Happiness in hen manure: Organic fertilizers in CFCA communities

Romelia, a sponsored child, and her father, Siriaco, use organic fertilizer in their garden.

Romelia, a sponsored child, and her father, Ciriaco, use organic fertilizer in their garden.

Ciriaco, the father of a sponsored child, and his family in Guatemala utilize every possible resource for gardening on hand. Or should we say, on hen.

Ciriaco, single father of four children, one of whom is sponsored through the CFCA program, uses organic fertilizer on his crops in Guatemala. This fertilizer is different from most because Ciriaco makes the fertilizer himself.

“I have all of the ingredients to make fertilizer, so why not do it? I also believe that God has trusted his creation to us, and this is why I practice organic farming. Besides, I can’t afford to buy chemical fertilizers,” laughed Ciriaco.

CFCA staffer Celso Cum is in charge of the livelihood program initiatives in the Occidente region of Guatemala. His job involves training for families to start small businesses, workshops and presentations on how to be more productive, efficient and friendly with the environment.

The livelihood program in this area has guided Ciriaco through developing his own organic fertilizer by using the manure from the hens in his garden. Organic gardening was passed down through the generations in Ciriaco’s family.

“For as long as I can remember my father and his father also used the organic fertilizer in farming,” Ciriaco said. “I have a small garden in which I grow pears, apples, avocados, onions, tomatoes, corn, herbs, beans, grapes, plums and many other things.”

Organic fertilizer in Guatemala

Ciriaco collects manure from his hens to make his own organic fertilizer.

For those who are unlike Ciriaco and new to the idea, the program guides parents through the techniques for making organic fertilizer, Celso noted.

“Our work now is to help Ciriaco improve his organic system by refining the process of making the compost and use it efficiently,” he said.

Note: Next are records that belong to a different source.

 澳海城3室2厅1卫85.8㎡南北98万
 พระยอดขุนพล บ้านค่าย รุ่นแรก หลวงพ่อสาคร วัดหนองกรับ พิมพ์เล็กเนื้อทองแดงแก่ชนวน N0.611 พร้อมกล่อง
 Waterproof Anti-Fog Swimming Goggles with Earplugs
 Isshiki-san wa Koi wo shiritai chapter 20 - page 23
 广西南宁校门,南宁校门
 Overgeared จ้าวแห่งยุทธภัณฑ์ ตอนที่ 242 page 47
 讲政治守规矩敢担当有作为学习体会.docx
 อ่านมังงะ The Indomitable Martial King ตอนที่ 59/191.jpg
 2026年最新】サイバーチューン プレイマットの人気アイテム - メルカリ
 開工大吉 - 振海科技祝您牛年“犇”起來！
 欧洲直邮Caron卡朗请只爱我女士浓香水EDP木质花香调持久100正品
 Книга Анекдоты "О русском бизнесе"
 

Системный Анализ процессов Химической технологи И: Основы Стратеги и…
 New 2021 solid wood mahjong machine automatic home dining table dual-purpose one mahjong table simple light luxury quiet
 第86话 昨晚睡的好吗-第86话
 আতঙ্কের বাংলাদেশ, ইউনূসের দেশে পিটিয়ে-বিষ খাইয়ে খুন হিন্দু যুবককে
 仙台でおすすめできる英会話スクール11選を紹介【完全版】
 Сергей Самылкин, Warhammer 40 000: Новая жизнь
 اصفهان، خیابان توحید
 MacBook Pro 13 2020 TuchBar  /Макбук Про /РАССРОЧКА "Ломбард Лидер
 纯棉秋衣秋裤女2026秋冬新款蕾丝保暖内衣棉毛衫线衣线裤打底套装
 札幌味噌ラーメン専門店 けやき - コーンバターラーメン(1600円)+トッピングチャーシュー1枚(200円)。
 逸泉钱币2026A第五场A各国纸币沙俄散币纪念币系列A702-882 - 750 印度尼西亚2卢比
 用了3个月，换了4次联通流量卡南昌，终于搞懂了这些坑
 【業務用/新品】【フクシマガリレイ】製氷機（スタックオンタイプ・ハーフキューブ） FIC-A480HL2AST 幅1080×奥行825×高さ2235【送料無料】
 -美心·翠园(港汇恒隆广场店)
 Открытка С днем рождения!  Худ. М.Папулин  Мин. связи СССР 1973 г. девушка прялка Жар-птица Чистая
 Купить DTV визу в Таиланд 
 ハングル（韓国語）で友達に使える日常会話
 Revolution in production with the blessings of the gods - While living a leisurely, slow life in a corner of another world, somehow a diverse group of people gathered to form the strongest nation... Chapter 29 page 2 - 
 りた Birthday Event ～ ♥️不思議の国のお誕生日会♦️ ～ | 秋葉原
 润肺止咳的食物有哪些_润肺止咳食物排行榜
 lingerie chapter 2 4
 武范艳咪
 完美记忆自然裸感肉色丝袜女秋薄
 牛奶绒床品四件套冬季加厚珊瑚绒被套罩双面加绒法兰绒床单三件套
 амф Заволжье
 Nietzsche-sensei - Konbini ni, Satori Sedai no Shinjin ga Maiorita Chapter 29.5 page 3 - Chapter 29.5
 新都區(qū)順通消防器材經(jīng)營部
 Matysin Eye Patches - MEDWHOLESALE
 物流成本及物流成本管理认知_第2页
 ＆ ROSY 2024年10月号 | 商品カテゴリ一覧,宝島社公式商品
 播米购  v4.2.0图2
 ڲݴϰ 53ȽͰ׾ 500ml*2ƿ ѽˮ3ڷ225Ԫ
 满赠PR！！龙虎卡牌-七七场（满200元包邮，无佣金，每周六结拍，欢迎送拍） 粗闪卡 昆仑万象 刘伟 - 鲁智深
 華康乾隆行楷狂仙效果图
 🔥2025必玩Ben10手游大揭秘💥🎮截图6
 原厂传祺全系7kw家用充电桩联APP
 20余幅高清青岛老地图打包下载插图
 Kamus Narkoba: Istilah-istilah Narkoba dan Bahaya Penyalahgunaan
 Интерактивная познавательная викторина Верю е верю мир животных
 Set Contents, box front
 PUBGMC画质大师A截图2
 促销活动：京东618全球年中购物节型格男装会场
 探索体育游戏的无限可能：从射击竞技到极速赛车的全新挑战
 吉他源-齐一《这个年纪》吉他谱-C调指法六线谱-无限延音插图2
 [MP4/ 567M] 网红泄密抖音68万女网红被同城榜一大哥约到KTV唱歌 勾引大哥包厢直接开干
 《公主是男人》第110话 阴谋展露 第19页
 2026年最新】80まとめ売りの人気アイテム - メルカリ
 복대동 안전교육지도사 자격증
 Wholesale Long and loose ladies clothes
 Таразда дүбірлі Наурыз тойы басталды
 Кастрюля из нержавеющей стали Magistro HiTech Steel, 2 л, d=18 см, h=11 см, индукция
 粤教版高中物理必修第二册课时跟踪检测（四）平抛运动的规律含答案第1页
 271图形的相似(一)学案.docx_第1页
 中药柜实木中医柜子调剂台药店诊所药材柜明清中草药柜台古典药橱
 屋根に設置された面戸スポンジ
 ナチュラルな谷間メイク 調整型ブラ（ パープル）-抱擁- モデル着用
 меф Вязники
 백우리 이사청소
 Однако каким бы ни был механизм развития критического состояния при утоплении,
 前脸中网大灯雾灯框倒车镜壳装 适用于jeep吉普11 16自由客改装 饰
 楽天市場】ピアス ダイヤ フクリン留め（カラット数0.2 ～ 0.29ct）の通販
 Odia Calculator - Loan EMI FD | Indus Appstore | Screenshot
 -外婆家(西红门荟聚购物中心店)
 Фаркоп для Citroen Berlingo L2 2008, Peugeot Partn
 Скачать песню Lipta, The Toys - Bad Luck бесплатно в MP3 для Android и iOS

Celso and other CFCA staffers provide knowledge and guidance for families who wish to follow the same path as Ciriaco, but making the organic fertilizer requires time and patience.

  1. Leftover vegetables, grass, leaves or other vegetation are collected. These ingredients provide a source of nitrogen that accelerates the decomposition process.
  2. Add this to animal manure (from cows, pigs, horse or hens) and soil in a space of about 1 meter tall and 1 meter high.
  3. Every five days add water to help keep the organic fertilizer moist, and every two weeks it must be turned and mixed. With proper care, a good compost results after 60 to 90 days.

“Industrial fertilizers cost around $40 to $60 for a 100-pound bag. … They have an immediate effect but only for one or two weeks and no more,” Celso said. “Organic fertilizer lasts longer, provides a full set of nutrients for the crops and is friendly to the environment.”

Ciriaco and other families helped by CFCA have already begun to reap the benefits of environmentally friendly gardening.

Organic fertlizer in Guatemala

“I thank CFCA for giving me the tools to walk with my family.” — Ciriaco, father of a CFCA sponsored child.

“My garden speaks for itself,” Ciriaco said. “The things that I have growing here are healthy and filled with natural nutrients. My crops are well-fed with this compost and they show their gratitude with abundance during the harvest.”